◆ **RECORDS PROVIDED**
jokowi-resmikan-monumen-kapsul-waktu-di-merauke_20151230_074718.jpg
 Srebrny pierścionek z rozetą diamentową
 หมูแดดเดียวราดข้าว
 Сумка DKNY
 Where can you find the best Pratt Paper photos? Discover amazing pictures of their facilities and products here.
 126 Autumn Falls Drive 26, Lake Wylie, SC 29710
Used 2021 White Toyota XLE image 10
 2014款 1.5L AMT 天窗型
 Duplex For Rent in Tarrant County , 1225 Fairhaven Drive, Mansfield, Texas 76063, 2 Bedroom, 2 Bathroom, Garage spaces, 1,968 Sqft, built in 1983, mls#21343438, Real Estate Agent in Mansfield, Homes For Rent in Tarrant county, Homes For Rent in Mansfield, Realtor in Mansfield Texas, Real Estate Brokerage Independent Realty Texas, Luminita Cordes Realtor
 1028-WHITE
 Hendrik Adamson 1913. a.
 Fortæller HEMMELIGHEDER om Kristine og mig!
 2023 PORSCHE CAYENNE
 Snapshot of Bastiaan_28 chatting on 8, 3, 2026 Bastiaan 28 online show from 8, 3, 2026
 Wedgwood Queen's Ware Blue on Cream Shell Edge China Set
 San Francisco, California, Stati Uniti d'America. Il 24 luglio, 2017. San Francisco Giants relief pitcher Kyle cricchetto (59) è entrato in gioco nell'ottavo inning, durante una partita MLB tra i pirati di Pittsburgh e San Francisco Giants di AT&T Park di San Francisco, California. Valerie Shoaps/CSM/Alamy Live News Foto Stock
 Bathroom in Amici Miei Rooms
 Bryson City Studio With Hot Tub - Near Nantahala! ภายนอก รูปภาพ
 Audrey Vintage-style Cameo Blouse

◆ **INSTRUCTIONS TO FOLLOW**
Note how many lines of the material contain the string "Drive". Then report that number by itself.

◆ **EXERCISE RESPONSE**
2